The Roanoke Times | File 2013
Keke Haynes (left) was picked as an alternate for the all star game, but then found out she would be playing. Haynes has comitted to D-III Eastern Mennonite.Keke Haynes (left) was picked as an alternate for the all star game, but then found out she would be playing. Haynes has comitted to D-III Eastern Mennonite.
Sunday, July 7, 2013
Ryjae Anderson and Keke Haynes’ association goes back as far as preschool.
“Her mother told me that after school, I always wanted to go home with them,” Haynes said.
In later years, they both found a talent for basketball. They were on different teams then eventually played together, first for an AAU squad the year before they reached middle school.

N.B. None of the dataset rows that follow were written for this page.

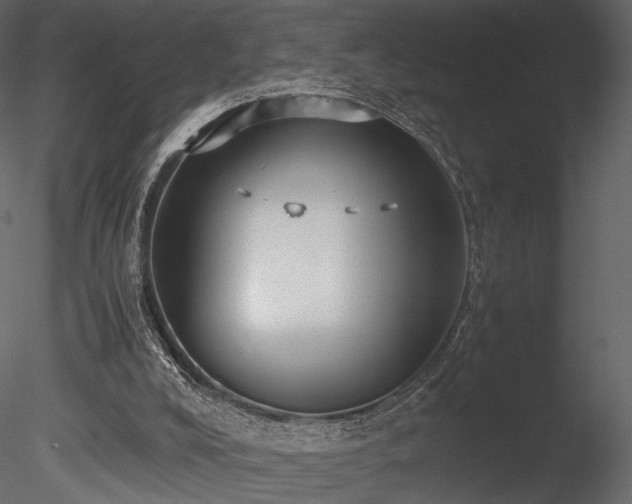 X0000085810008200703161208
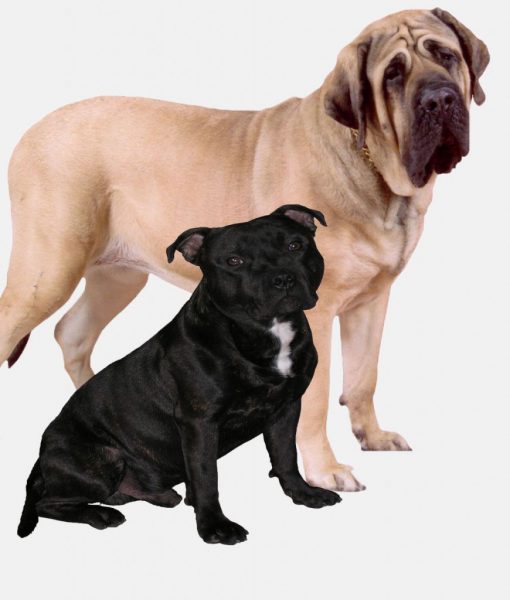 Bull Terrier/Mastiff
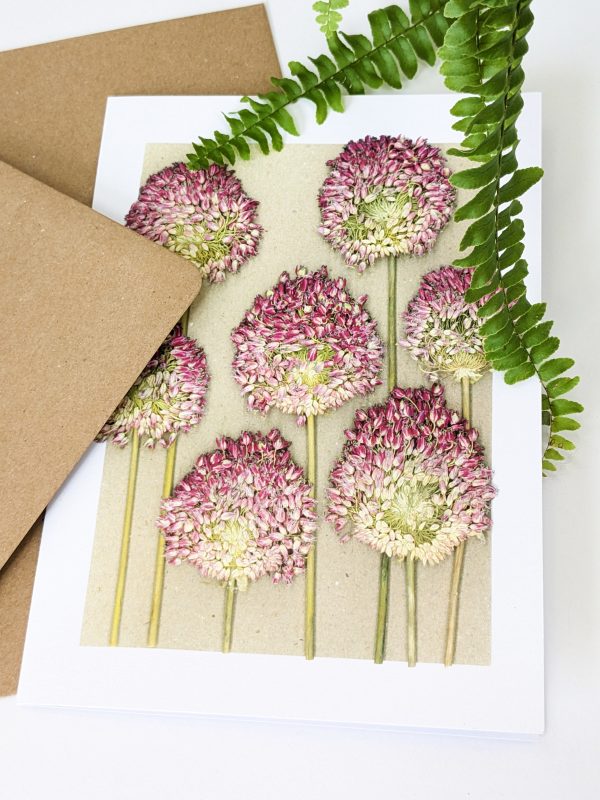 allium botanical gift cards pressed flowers birthday occasion cards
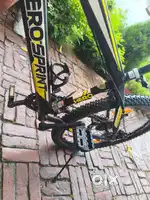 10 gears bicycle with back gears working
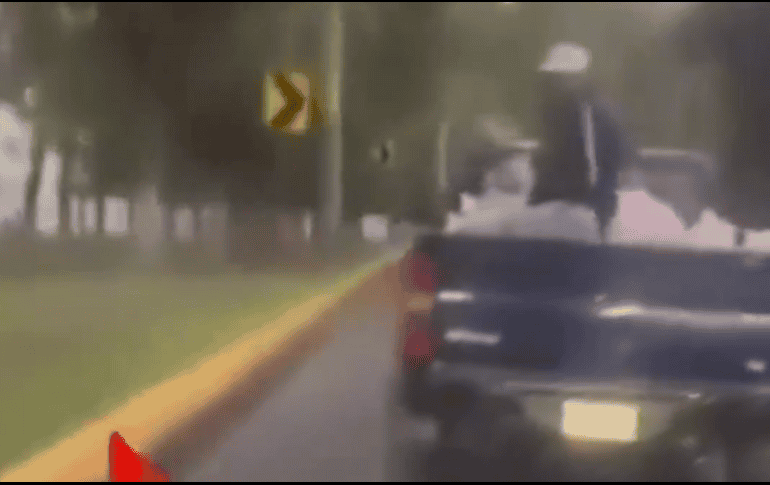 Los gatos fueron arrojados al camellón de la Avenida Constitución, a la altura del parque Lago Espejo de los Lirios. ESPECIAL.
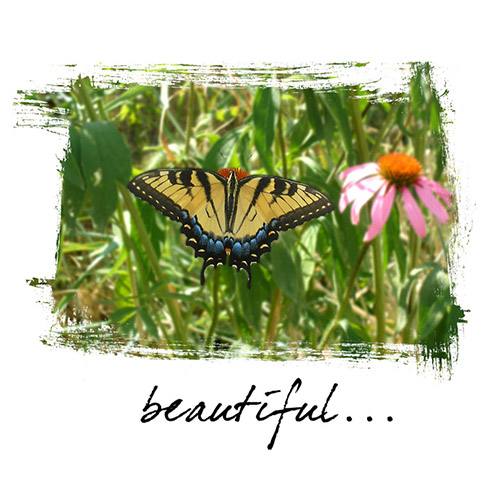 Beautiful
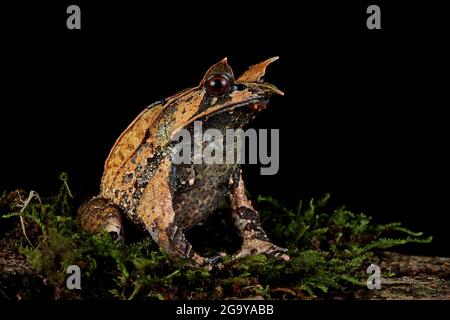 Malayan horned frog on a mossy rock, Indonesia Stock Photo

The last of four varsity seasons as teammates at William Fleming ended this past winter. Now, they will be teammates one last time when they compete for the West in the Virginia High School Coaches Association All Star game at 6 tonight at Christopher Newport University.

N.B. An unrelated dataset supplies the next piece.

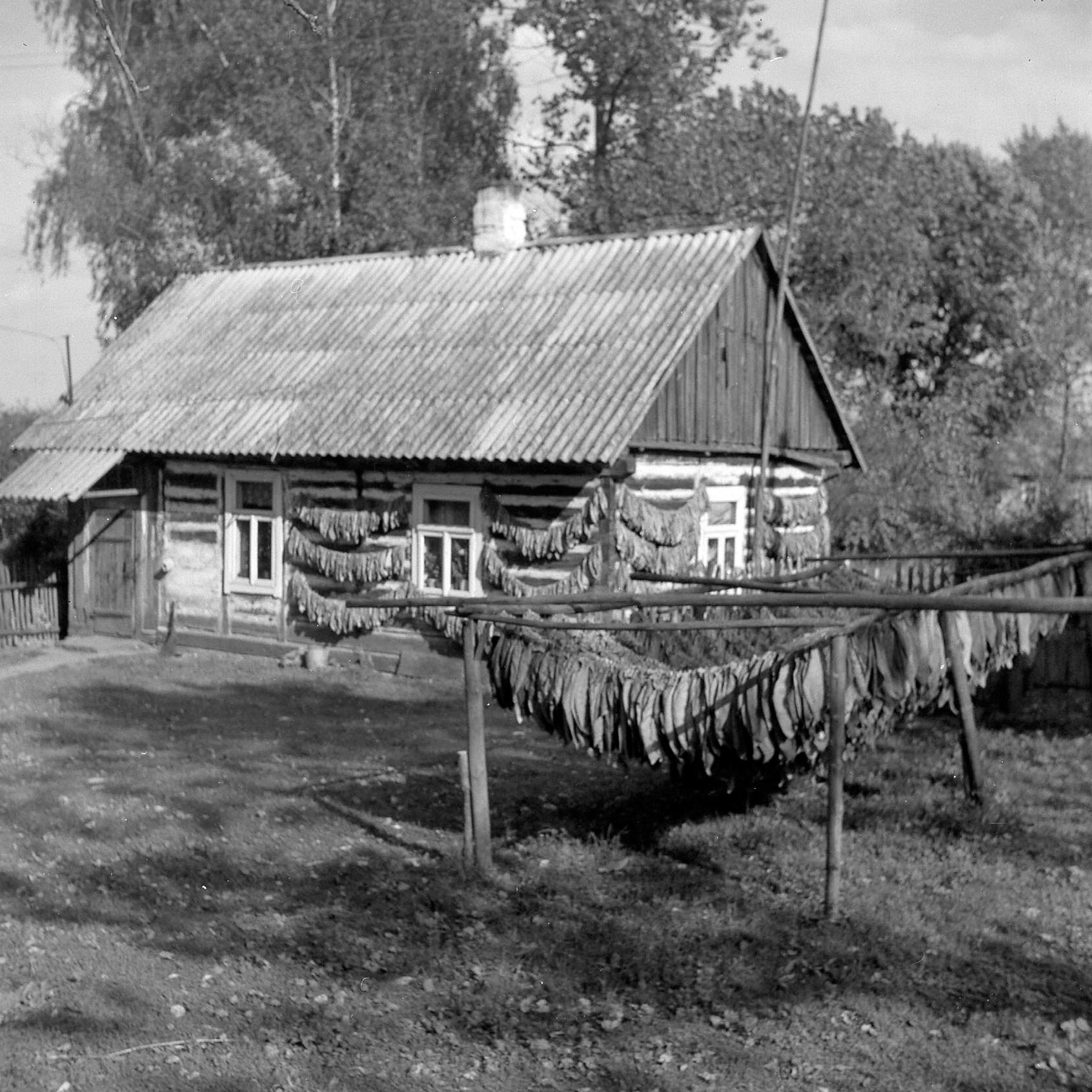 Zdjęcie do wiadomości "Zbójna i okolice w starej fotografii"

To say the occasion will be one of mixed emotions for them is a little like saying the pyramids were a notable architectural achievement.
“I may cry,” Anderson said.
“It might be interesting,” Haynes said in a halting voice.
This won’t be the last basketball either of them plays, though. Anderson is committed to Division II Chowan and Haynes is bound for D-III Eastern Mennonite. Meanwhile, both of them are predictably thrilled to be counted among the elites of this year’s statewide senior class.
Haynes was first selected an all star as an alternate. A week or two later, Colonels coach Champ Hubbard gave her the word that she would be among the invitees to play.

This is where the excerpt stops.